Im August 2017 war ich noch einmal im Genfer Heim «Les Charmettes». Das ist eine der beiden Institutionen, in denen wir ab 2013 für den Film gedreht haben.

Heute gibt es dort neue Gebäude, mehr Raum und mehr Orte, wo sich Heimbewohner und Personal begegnen können. Zum Beispiel ein grosser Salon, in dem die Senioren Tee servieren und den Abwasch erledigen.

Die meisten sind gestorben

Von den meisten Menschen, die im Film gezeigt wurden, gibt es allerdings kaum noch Spuren. Es ist ja nun auch schon eine Weile her. Die meisten sind inzwischen gestorben.

Aber zwei habe ich nach längerem Suchen doch ausfindig gemacht: Die Dame, die im Film aus voller Kehle «Mexico» singt, und Madame Mermoud, die nach eigenen Angaben damals mit einem Mitbewohner verheiratet war. Beide Frauen sind noch recht aktiv, auch wenn die Krankheit Tag für Tag ihre zerstörerische Arbeit fortsetzt.

Die «Sängerin» hat mich mit den ernsten Worten begrüsst: «Ich werde sterben!» Sie sah meine Bestürzung, fing an zu lachen und erklärte: «Das hat mir gestern der liebe Gott gesagt.»

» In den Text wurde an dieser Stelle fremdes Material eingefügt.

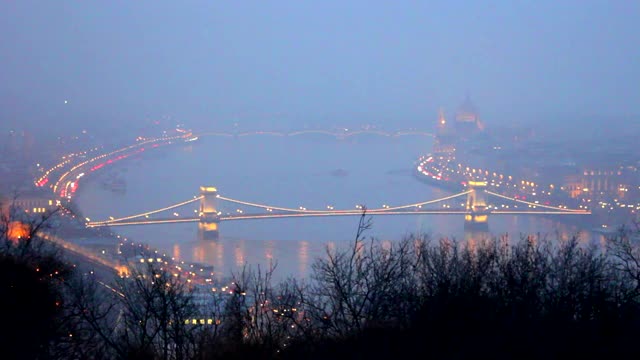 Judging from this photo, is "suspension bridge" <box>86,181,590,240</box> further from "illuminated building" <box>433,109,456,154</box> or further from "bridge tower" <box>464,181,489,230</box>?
"illuminated building" <box>433,109,456,154</box>

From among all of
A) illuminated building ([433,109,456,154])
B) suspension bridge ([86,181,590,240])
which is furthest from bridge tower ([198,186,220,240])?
illuminated building ([433,109,456,154])

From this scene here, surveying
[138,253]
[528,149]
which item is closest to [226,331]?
[138,253]

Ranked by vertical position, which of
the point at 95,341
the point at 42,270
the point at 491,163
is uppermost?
the point at 491,163

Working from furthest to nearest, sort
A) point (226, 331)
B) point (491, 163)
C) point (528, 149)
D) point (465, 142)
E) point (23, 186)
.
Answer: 1. point (465, 142)
2. point (491, 163)
3. point (528, 149)
4. point (23, 186)
5. point (226, 331)

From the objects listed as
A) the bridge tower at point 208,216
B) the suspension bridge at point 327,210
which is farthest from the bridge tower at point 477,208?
the bridge tower at point 208,216

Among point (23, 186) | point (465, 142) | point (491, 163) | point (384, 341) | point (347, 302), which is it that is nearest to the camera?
point (384, 341)

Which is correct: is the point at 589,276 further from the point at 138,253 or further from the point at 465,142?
the point at 465,142

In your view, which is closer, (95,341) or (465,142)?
(95,341)

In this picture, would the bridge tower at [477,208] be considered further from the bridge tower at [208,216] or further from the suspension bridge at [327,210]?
the bridge tower at [208,216]

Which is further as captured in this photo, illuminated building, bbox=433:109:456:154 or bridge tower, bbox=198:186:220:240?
illuminated building, bbox=433:109:456:154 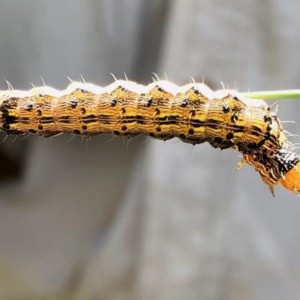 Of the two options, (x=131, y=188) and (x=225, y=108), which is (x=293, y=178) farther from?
(x=131, y=188)

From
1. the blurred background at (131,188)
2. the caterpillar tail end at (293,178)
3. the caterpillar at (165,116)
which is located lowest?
the caterpillar tail end at (293,178)

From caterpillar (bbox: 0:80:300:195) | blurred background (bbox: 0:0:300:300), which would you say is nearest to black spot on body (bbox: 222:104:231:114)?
caterpillar (bbox: 0:80:300:195)

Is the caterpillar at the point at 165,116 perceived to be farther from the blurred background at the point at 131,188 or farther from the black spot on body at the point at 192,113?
the blurred background at the point at 131,188

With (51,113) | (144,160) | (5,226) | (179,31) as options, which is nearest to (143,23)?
(179,31)

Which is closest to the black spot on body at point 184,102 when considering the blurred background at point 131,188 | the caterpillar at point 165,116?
the caterpillar at point 165,116

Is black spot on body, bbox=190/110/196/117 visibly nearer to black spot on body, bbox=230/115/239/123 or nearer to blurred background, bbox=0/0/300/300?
black spot on body, bbox=230/115/239/123

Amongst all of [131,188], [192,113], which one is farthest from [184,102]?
[131,188]

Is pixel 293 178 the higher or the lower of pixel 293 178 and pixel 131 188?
the lower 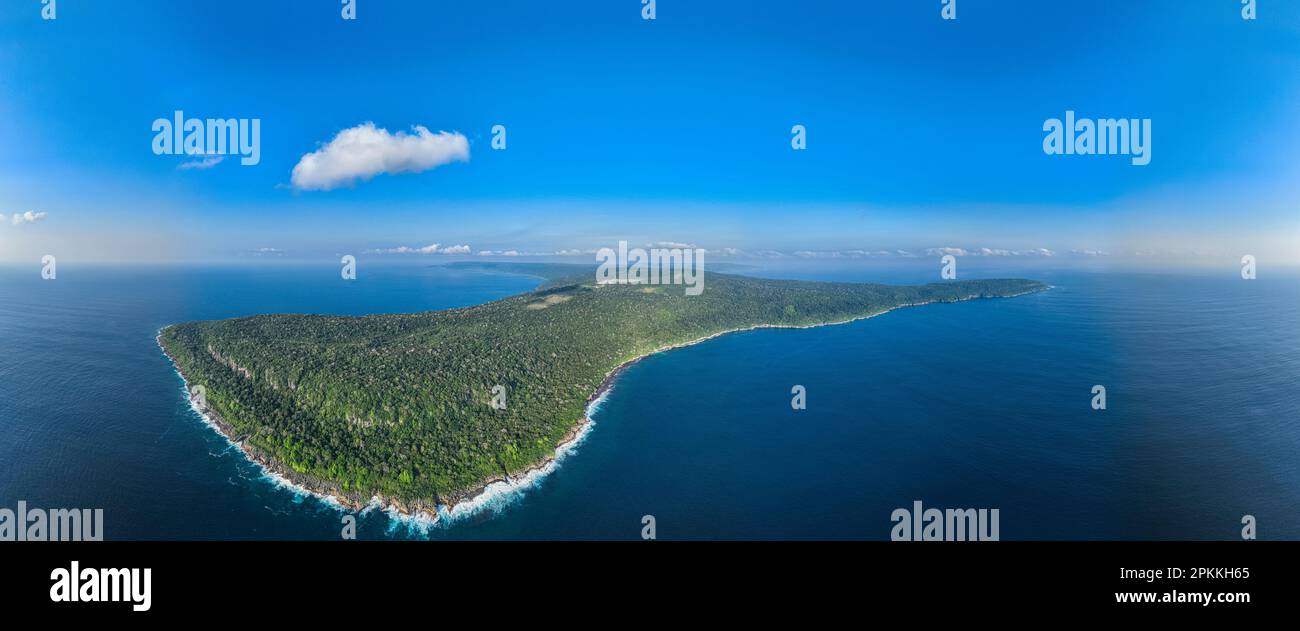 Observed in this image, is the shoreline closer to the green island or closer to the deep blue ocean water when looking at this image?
the green island

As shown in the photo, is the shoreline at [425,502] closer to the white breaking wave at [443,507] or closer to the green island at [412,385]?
the white breaking wave at [443,507]

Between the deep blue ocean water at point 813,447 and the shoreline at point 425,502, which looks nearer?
the deep blue ocean water at point 813,447

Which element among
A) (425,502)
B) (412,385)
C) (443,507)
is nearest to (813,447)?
(443,507)

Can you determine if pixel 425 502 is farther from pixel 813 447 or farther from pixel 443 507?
pixel 813 447

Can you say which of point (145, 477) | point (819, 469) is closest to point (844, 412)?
point (819, 469)

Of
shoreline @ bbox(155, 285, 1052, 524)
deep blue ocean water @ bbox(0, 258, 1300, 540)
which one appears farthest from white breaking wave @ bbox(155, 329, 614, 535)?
deep blue ocean water @ bbox(0, 258, 1300, 540)

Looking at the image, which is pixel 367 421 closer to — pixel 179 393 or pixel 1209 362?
pixel 179 393

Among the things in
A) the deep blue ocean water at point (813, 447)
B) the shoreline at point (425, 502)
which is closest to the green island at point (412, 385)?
the shoreline at point (425, 502) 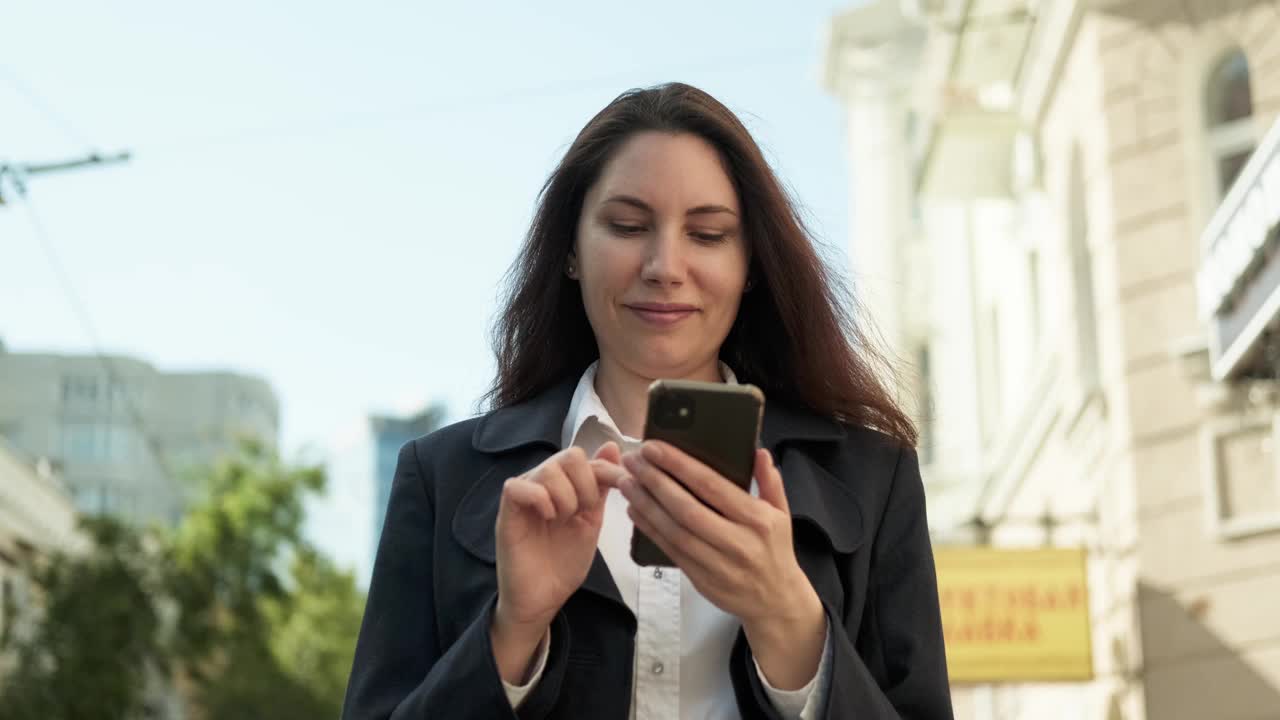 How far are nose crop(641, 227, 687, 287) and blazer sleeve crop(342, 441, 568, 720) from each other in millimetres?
460

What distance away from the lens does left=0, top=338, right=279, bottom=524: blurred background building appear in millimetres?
50219

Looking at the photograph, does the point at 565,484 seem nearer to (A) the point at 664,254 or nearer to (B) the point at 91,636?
(A) the point at 664,254

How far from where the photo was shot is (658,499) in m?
2.34

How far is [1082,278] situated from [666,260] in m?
10.6

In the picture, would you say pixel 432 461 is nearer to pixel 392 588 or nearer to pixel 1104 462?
pixel 392 588

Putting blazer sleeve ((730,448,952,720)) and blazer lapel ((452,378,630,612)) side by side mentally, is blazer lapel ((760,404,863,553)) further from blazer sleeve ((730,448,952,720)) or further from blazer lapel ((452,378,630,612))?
blazer lapel ((452,378,630,612))

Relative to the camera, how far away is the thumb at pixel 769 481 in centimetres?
238

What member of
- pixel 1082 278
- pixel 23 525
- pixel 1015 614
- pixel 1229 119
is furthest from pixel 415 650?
pixel 23 525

Musiktherapeutin in einem Altersheim
Legende: Musik soll die Erinnerung der Patienten zu aktivieren RTS

Liebe und Freundschaft im Heim

Madame Mermoud ist ihrem angeblichen Gatten «treu geblieben» – bis zu seinem Tod, sagt das Pflegepersonal. Sie habe ihn noch tagelang gesucht. Doch dann sei recht schnell eine Mitbewohnerin für sie entflammt und nun seien die zwei Frauen unzertrennlich. Sie laden sich gegenseitig ins Restaurant ein, gehen zusammen baden – wie gute, alte Freundinnen.

Die andere Seite von Alzheimer

Ich beobachtete sie und fand einmal mehr, dass Alzheimer tatsächlich etwas Verwirrendes hat. Ganz abgesehen von der Grausamkeit, die die Krankheit vor allem auch für die Angehörigen hat, ist da noch eine andere Seite, die «strahlender» ist, und die wir im Film zeigen wollten.

Dieses andere Gesicht ist in der Öffentlichkeit – leider – noch kaum bekannt. Denn es zeigt sich nur, wenn Begleitung und Betreuung der Betroffenen «tadellos» sind. Das war in den im Film gezeigten Institutionen grösstenteils der Fall. Aber solche Einrichtungen sind noch heute leider die Ausnahme.